Once the records below have been read, copy them all out exactly.

◇ ◇ ◇ ◇ ◇

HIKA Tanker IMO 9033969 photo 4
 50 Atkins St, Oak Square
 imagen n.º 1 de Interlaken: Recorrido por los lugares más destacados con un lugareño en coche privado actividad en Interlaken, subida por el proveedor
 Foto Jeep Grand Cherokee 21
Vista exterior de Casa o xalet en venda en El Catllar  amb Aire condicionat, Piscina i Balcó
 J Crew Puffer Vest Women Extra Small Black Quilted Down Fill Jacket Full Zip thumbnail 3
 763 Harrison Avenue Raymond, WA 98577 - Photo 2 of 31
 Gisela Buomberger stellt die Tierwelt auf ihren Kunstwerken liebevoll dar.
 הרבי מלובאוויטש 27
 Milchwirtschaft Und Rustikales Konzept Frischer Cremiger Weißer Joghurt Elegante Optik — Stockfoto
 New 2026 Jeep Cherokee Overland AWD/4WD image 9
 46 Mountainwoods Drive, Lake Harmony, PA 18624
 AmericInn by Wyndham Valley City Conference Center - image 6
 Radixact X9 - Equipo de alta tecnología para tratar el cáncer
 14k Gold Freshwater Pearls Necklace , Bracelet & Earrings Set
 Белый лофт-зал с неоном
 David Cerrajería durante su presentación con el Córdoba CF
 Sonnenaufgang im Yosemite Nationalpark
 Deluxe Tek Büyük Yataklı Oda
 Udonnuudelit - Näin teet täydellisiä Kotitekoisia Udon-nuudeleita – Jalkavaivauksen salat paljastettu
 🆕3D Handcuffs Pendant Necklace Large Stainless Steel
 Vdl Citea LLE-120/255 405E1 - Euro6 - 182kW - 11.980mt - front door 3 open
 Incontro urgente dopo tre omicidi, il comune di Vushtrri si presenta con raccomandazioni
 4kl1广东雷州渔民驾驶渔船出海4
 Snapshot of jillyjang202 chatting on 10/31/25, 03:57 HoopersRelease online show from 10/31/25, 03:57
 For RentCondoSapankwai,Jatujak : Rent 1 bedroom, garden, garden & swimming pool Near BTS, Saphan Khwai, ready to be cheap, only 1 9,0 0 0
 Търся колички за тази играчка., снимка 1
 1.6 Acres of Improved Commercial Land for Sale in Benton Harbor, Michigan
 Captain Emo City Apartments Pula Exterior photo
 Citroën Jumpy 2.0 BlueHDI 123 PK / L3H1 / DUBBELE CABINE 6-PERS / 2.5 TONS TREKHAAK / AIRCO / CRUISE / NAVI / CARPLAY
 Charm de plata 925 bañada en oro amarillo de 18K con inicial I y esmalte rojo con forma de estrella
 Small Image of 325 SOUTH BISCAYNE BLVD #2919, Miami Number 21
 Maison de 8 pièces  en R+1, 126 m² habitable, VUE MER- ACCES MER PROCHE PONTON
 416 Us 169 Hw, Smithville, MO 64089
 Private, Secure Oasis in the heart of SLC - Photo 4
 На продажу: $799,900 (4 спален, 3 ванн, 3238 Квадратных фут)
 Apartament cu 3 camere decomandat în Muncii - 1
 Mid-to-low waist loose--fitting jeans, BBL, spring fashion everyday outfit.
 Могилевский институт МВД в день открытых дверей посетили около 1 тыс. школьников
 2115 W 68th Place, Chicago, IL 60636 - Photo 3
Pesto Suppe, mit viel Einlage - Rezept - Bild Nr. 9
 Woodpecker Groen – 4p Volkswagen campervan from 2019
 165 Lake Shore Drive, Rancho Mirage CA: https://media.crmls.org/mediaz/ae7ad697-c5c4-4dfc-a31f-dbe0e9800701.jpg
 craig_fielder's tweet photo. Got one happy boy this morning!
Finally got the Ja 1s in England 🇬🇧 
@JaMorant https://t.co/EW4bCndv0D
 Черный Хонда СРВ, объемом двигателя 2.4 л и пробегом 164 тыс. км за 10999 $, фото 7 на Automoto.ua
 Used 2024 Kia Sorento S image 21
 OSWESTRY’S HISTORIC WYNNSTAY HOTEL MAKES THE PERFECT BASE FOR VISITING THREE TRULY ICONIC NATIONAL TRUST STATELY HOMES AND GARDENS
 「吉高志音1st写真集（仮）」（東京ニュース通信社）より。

◇ ◇ ◇ ◇ ◇

* [Written response]
HIKA Tanker IMO 9033969 photo 4
 50 Atkins St, Oak Square
 imagen n.º 1 de Interlaken: Recorrido por los lugares más destacados con un lugareño en coche privado actividad en Interlaken, subida por el proveedor
 Foto Jeep Grand Cherokee 21
Vista exterior de Casa o xalet en venda en El Catllar  amb Aire condicionat, Piscina i Balcó
 J Crew Puffer Vest Women Extra Small Black Quilted Down Fill Jacket Full Zip thumbnail 3
 763 Harrison Avenue Raymond, WA 98577 - Photo 2 of 31
 Gisela Buomberger stellt die Tierwelt auf ihren Kunstwerken liebevoll dar.
 הרבי מלובאוויטש 27
 Milchwirtschaft Und Rustikales Konzept Frischer Cremiger Weißer Joghurt Elegante Optik — Stockfoto
 New 2026 Jeep Cherokee Overland AWD/4WD image 9
 46 Mountainwoods Drive, Lake Harmony, PA 18624
 AmericInn by Wyndham Valley City Conference Center - image 6
 Radixact X9 - Equipo de alta tecnología para tratar el cáncer
 14k Gold Freshwater Pearls Necklace , Bracelet & Earrings Set
 Белый лофт-зал с неоном
 David Cerrajería durante su presentación con el Córdoba CF
 Sonnenaufgang im Yosemite Nationalpark
 Deluxe Tek Büyük Yataklı Oda
 Udonnuudelit - Näin teet täydellisiä Kotitekoisia Udon-nuudeleita – Jalkavaivauksen salat paljastettu
 🆕3D Handcuffs Pendant Necklace Large Stainless Steel
 Vdl Citea LLE-120/255 405E1 - Euro6 - 182kW - 11.980mt - front door 3 open
 Incontro urgente dopo tre omicidi, il comune di Vushtrri si presenta con raccomandazioni
 4kl1广东雷州渔民驾驶渔船出海4
 Snapshot of jillyjang202 chatting on 10/31/25, 03:57 HoopersRelease online show from 10/31/25, 03:57
 For RentCondoSapankwai,Jatujak : Rent 1 bedroom, garden, garden & swimming pool Near BTS, Saphan Khwai, ready to be cheap, only 1 9,0 0 0
 Търся колички за тази играчка., снимка 1
 1.6 Acres of Improved Commercial Land for Sale in Benton Harbor, Michigan
 Captain Emo City Apartments Pula Exterior photo
 Citroën Jumpy 2.0 BlueHDI 123 PK / L3H1 / DUBBELE CABINE 6-PERS / 2.5 TONS TREKHAAK / AIRCO / CRUISE / NAVI / CARPLAY
 Charm de plata 925 bañada en oro amarillo de 18K con inicial I y esmalte rojo con forma de estrella
 Small Image of 325 SOUTH BISCAYNE BLVD #2919, Miami Number 21
 Maison de 8 pièces  en R+1, 126 m² habitable, VUE MER- ACCES MER PROCHE PONTON
 416 Us 169 Hw, Smithville, MO 64089
 Private, Secure Oasis in the heart of SLC - Photo 4
 На продажу: $799,900 (4 спален, 3 ванн, 3238 Квадратных фут)
 Apartament cu 3 camere decomandat în Muncii - 1
 Mid-to-low waist loose--fitting jeans, BBL, spring fashion everyday outfit.
 Могилевский институт МВД в день открытых дверей посетили около 1 тыс. школьников
 2115 W 68th Place, Chicago, IL 60636 - Photo 3
Pesto Suppe, mit viel Einlage - Rezept - Bild Nr. 9
 Woodpecker Groen – 4p Volkswagen campervan from 2019
 165 Lake Shore Drive, Rancho Mirage CA: https://media.crmls.org/mediaz/ae7ad697-c5c4-4dfc-a31f-dbe0e9800701.jpg
 craig_fielder's tweet photo. Got one happy boy this morning!
Finally got the Ja 1s in England 🇬🇧 
@JaMorant https://t.co/EW4bCndv0D
 Черный Хонда СРВ, объемом двигателя 2.4 л и пробегом 164 тыс. км за 10999 $, фото 7 на Automoto.ua
 Used 2024 Kia Sorento S image 21
 OSWESTRY’S HISTORIC WYNNSTAY HOTEL MAKES THE PERFECT BASE FOR VISITING THREE TRULY ICONIC NATIONAL TRUST STATELY HOMES AND GARDENS
 「吉高志音1st写真集（仮）」（東京ニュース通信社）より。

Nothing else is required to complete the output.